Type plan: bestemmingsplan
Naam van het plan: Connexxion-terrein 2013
Status: vastgesteld
Plan identificatie: NL.IMRO.0499.BPL11035HBD-OH01

4.6 Archeologie

In 1992 is in Valletta (Malta) het Europees Verdrag inzake de bescherming van het archeologisch erfgoed (Verdrag van Malta) ondertekend. Het Verdrag van Malta voorziet in bescherming van het Europees archeologisch erfgoed onder meer door de risico's op aantasting van dit erfgoed te beperken. Deze bescherming is in Nederland wettelijk verankerd in de Monumentenwet. Op basis van deze wet zijn mogelijke (toevals)vondsten bij het verrichten van werkzaamheden in de bodem altijd beschermd. Er geldt een meldingsplicht bij het vinden van (mogelijke) waardevolle zaken. Dat melden dient terstond te gebeuren. In het kader van een goede ruimtelijke ordening in relatie tot de Monumentenwet kan vooronderzoek naar mogelijke waarden nodig zijn zodat waar nodig die waarden veiliggesteld kunnen worden en/of het initiatief aangepast kan worden.
 
Planspecifiek
Om te bepalen of archeologisch onderzoek op de locatie van het plangebied noodzakelijk is, is de archeologische waardenkaart van de provincie Zuid-Holland geraadpleegd.
 
uitsnede cultuurhistorische waardenkaart prov.

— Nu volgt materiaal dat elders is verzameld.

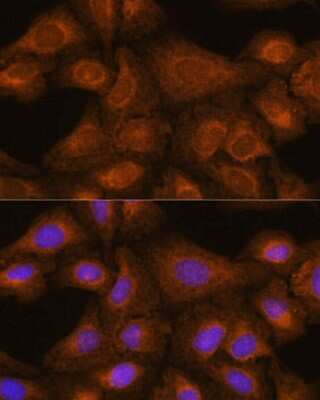 Immunocytochemistry/ Immunofluorescence: GIT1 Antibody - Azide and BSA Free [NBP3-03734]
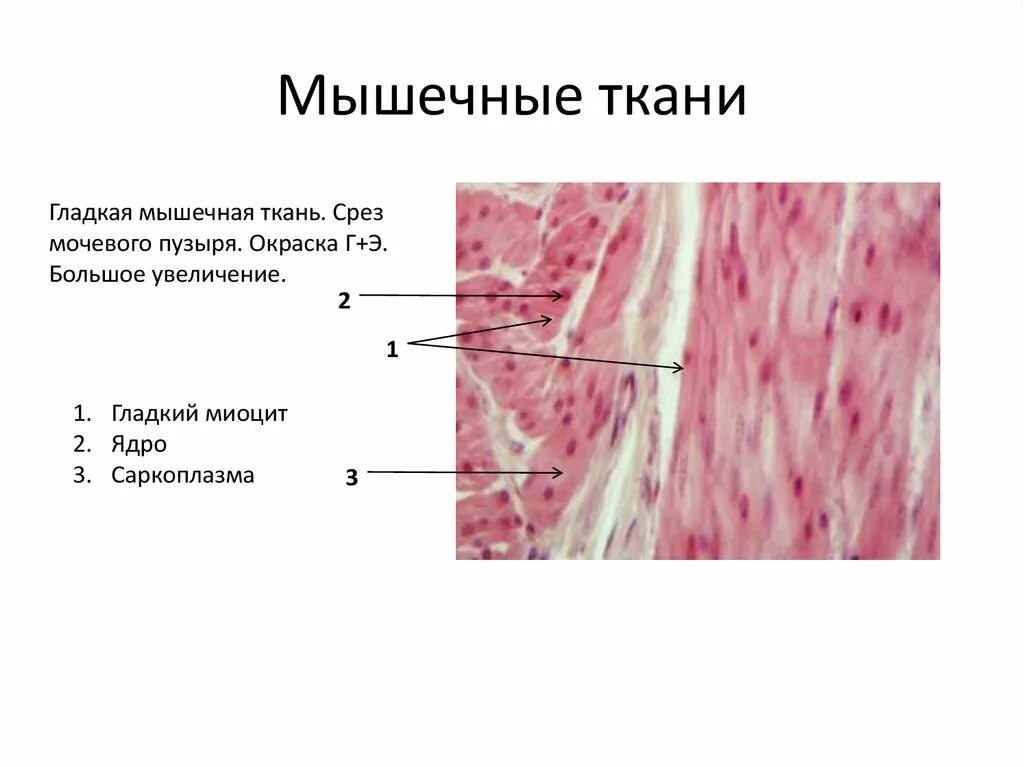 Скелетная мышечная ткань гистология. Поперечнополосатая мышца гистология. Гладкая мышечная ткань на препаратах Гиста. Гладкая мышечная ткань мочевого пузыря препарат.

Zuid-Holland
 
De archeologische waardenkaart toont dat het plangebied in een gebied ligt met een redelijke tot grote kans op archeologische sporen. Voor dergelijke gebieden is een archeologisch onderzoek noodzakelijk. 
 
Door bureau ARC is een archeologisch onderzoek, zie bijlage 1, uitgevoerd. De conclusie van het onderzoek luidt:
'Door het ontbreken van bodemhorizonten in de top van de oeverafzettingen kan worden geconcludeerd dat er sprake was van continue sedimentatie op de oeverwallen. Hierdoor vormden de oeverwallen geen aantrekkelijke vestigingsplaats. Daarom kan worden geconcludeerd dat de middelhoge trefkans voor de onderzoekslocatie kan worden bijgesteld naar laag.'
 
De milieudienst Midden Holland heeft het archeologisch onderzoek beoordeeld. Zij komen tot een andere conclusie dan het onderzoeksbureau. De milieudienst adviseert om een vervolgonderzoek (karterend booronderzoek) te verrichten naar de voormalige poldermolen nr. 3 van de Achterofse polder waarvan de funderingsresten in het plangebied liggen. Mede omdat deze molen een belangrijk en aansprekend element vormt in de ontginningsgeschiedenis van deze polder. Als eerste stap van het nader onderzoek is de exacte locatie van de molen bepaald. Dit is gebeurd door middel van georefereren. De huidige bebouwingssituatie incl. de beoogde nieuwbouw is middels referentiepunten over historische kaarten geprojecteerd. Dit onderzoek, zie bijlage 2, is uitgevoerd door archeologisch adviesbureau ARC.
 
Vervolgens is door ARC een proefsleuvenonderzoek uitgevoerd, zie bijlage 3. De conclusie van het rapport luidt als volgt: 'Het archeologisch onderzoek heeft mogelijke resten van de ondermolen aan de westkant van het plangebied opgeleverd. De overige (minimale) archeologische resten zijn niet direct aan de droogmakerij te koppelen. Gezien de minimale resultaten, recentere verstoringen en een daaraan gerelateerde lage trefkans op archeologische resten en/of sporen, wordt geadviseerd de onderzoekslocatie vrij te geven'.
 
Op basis van de uitgevoerde onderzoeken en de bovenstaande conclusie kan gesteld worden dat er geen archeologische waarden in het geding zijn als gevolg van onderhavig plan.